The ERP system I used to administer is a great example. ERPs tend to be complex systems and ours not different, we have many utility scripts that accompany the system. Sure, I knew there were some scripts responsible for printing, but until I encountered some problems with them I didn't really get to understand each and single line of code in those scripts. And on the other hand, I wrote some scripts for an interface a few years ago, and those scripts work almost perfectly (I'm not necessarily objective here) up until now, so I'm pretty sure my replacement doesn't really know what's going on inside.

So maybe I should start giving more respect and appreciation to the problems I encounter (and complain less).

Monday, March 15, 2010

Pessimist

Generally, I think in most cases we all should be a bit pessimistic. Being objective is hard and personally I'd rather have a nice surprise than a great disappointment. But that's arguable - I guess optimistic people live longer - but then again, the benefit of long life is arguable as well.
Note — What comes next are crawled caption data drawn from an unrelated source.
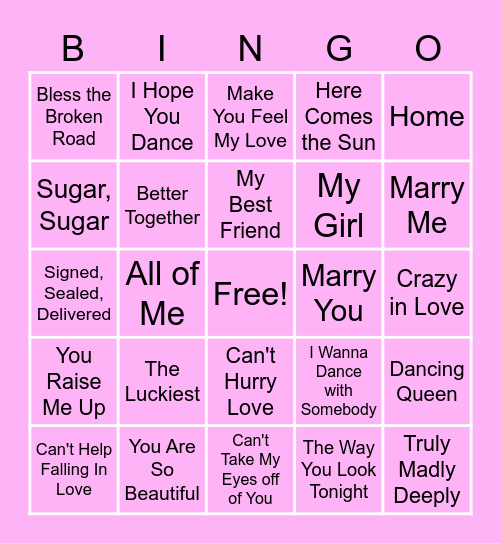 Bridal Shower Music Bingo Card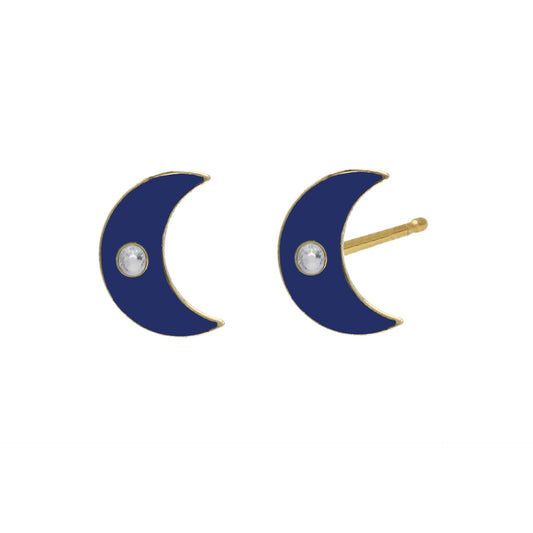 Gold plated Sterling Silver Stud earrings moon crystal from Ashley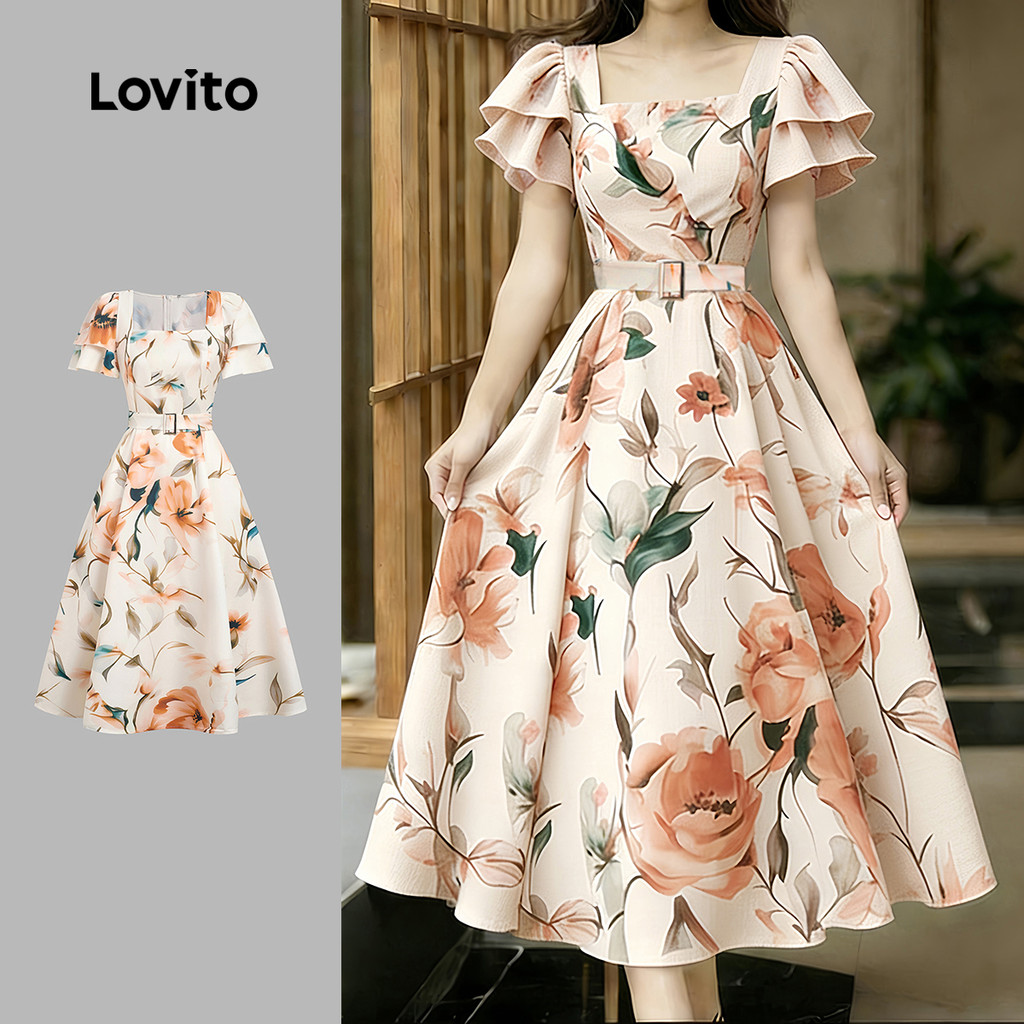 Lovito Vestido Boho Primavera/verão Vestido para Mulheres L190ED050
But what I think is not really arguable, is that in my line of work you have to be pessimistic. A major part of being a sysadmin is keeping the system stable, and you can't really do this by being optimistic. To make the system stable you try to think about any scenario as improbable(and pessimistic) as it might be. One good example I can think of, is that having a daily backup is very important in our organization(and I really do hope we're not the only ones), yet for most systems, we've never needed those backups.

I might be taking this a bit too far when I'm berating team members who behave "too optimistically" and tend too answer "I'm getting paid for it" when asked why I'm so pessimistic, but I'm really just trying to make my point.

Monday, February 22, 2010

Fixation

Being a sysadmin has many controversies, take new technologies for instance:
Recently I've installed a Weblogic server to start examining it, as our Oracle AS servers will need to be replaced sometime in the next couple of years since this line of products is going bye-bye. Anyways, it was pretty exciting, new (for me) Fusion 11g UI and the main administration screen is SO busy. So it sounds like I'm all for new technologies... not really, not always.
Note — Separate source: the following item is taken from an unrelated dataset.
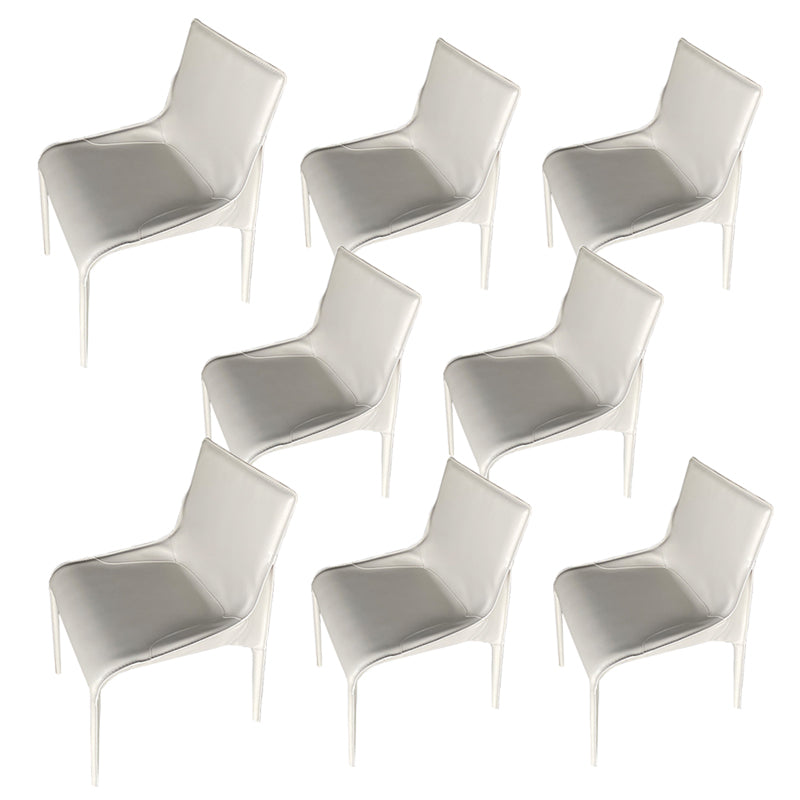 Metal Modern Dining Chair with Solid Back Matte Finish Indoor Side Chair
Yes, you should upgrade existing technologies. Yes, you should check what new technologies are out there. No, you shouldn't use a new technology where an existing one could be used.

I think the best example for my point is building solutions for specific needs.
Let's take my organization's Oracle ERP system for example. Many times a specific need arises and people suggest all kind of cool solutions. In my opinion it's very important to try and base such a solution on an existing technology, I'd rather have a solution that is not perfect than a perfect(like such things exist) solution that will handle this specific case alone and that no one will know about if something goes wrong a few years from now.

So, sometimes, I end up being this guy with a fixation on old and boring technologies...

And if talking about sysadmins, here is a good one :).

Saturday, January 9, 2010

Roach-Tech

When a company designs a product, there are many aspects to take into consideration. The product should be appealing to the eye, ergonomic, cheap to produce, etc.. One aspect I believe most vendors don't consider is that the product should be roach unfriendly. What am I talking about?
Well, take for example Avaya's phone:
You can see that attached to it's back (didn't find a better image) is a panel that gives it it's angle. Apparently this panel is a great habitat (at least in the Israeli climate) for roaches and they even consider it a great place to drop eggs:

That's right, this brown thing is a roach egg.
The phone doesn't look so attractive right now, does it?